Une mésaventure qui pose question. Au retour d’un vol long courrier opéré par Air France, nous arrivons à CDG avec une heure de retard. Et les bagages prennent un temps fou pour arriver sur le carrousel.

Conséquence : la connexion TGV vers Bruxelles prévue à 10.08 est ratée, de quelques minutes. Comme un brave pèlerin, je me rends au comptoir Air France situé dans le hall départ de la gare. Je montre mon billet, précise que le retard est dû à Air France, et je demande à prendre le prochain TGV vers Bruxelles affiché à 11.00 et quelques.

Réponse du  préposé responsable d’Air France: « Désolé monsieur, le prochain TGV avec allottement AF est prévu à 13.08 ». Soit 3 heures plus tard. Je questionne et reprécise que le retard est dû à AF et donc qu’un nouveau  ticket TGV devrait être émis pour le prochain train. Impossible!

J’ai omis de vous dire que j’étais un passager Business Class payant. Rien à faire. Conclusion: soit attendre 3 heures dans un hall de gare pas spécialement excitant, ou acheter un nouveau ticket. Dont coût 82 € en 2nde ou 120 € en 1ère classe.
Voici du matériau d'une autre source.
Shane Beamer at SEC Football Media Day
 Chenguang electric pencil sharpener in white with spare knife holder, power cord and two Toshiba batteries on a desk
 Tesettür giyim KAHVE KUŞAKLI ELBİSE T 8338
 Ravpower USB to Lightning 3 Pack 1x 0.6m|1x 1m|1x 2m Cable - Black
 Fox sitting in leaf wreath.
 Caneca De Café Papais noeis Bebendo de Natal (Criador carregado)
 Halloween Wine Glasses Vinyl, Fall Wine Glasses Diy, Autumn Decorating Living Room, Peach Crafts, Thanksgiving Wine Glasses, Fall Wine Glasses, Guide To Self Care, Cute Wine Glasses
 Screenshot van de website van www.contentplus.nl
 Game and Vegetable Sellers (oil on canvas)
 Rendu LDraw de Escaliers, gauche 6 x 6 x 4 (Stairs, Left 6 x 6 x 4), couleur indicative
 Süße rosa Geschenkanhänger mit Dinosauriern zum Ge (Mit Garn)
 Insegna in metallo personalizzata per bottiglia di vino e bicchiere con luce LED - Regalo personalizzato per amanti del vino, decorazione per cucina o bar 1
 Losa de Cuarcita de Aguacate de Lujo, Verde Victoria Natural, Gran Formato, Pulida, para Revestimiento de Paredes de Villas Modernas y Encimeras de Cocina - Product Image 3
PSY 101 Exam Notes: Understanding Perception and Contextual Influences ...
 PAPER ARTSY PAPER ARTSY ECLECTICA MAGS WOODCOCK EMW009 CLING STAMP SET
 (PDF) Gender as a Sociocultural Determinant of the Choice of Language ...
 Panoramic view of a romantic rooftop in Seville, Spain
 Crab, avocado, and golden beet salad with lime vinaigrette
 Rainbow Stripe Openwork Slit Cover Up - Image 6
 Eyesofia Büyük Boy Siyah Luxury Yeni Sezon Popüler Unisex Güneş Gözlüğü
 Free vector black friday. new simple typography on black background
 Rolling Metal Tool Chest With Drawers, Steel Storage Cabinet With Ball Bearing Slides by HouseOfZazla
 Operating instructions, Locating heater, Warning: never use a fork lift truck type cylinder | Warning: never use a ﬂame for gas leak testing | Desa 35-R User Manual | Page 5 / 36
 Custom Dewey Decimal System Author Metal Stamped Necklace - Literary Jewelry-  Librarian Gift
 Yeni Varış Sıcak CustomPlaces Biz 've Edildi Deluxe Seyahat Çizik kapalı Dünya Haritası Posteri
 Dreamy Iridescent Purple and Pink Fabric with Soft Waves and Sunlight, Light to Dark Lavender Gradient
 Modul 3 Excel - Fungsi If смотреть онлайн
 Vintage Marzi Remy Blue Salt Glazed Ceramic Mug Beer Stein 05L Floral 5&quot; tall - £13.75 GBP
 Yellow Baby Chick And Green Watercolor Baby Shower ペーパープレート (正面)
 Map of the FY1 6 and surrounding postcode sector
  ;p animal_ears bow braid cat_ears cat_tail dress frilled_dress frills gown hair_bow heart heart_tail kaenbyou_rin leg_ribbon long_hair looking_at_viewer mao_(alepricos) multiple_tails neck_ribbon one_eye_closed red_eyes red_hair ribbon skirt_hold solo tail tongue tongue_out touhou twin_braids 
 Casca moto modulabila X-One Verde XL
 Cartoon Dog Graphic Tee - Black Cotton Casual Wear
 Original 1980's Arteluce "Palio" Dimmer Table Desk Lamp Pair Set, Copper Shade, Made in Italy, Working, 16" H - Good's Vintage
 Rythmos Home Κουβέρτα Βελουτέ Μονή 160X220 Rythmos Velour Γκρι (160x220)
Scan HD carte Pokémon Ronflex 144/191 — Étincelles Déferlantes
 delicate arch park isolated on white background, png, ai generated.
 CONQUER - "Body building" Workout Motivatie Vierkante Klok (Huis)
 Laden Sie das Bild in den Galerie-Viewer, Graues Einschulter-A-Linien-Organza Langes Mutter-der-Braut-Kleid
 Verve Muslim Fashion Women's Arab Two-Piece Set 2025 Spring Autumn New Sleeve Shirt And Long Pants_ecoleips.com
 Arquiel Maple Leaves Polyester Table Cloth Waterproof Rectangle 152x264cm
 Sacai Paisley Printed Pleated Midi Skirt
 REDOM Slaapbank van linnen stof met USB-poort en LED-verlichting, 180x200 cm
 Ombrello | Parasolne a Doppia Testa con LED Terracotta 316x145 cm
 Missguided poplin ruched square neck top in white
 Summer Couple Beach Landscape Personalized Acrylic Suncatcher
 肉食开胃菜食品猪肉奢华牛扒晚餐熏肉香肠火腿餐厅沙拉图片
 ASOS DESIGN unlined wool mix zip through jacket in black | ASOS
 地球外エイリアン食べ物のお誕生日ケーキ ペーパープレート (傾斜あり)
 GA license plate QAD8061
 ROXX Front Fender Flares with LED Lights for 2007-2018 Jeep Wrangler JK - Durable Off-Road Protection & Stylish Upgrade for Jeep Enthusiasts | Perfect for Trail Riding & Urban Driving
Une question légale se pose: la responsabilité du transporteur aérien s’arrête-t-elle à sa prestation propre ou est elle étendue à sa connexion train? J’avais bien en main un billet Buenos Aires-Bruxelles via Paris CDG. Auquel cas soit AF aurait dû émettre un ticket sur le prochain TGV programmé ou payer une indemnité de retard au passager qui, dans ce cas précis, n’avait absolument rien à se reprocher.

Un cas de figure à ne pas négliger au cas où vous conseilleriez à vos clients de voyager AF et son TGV!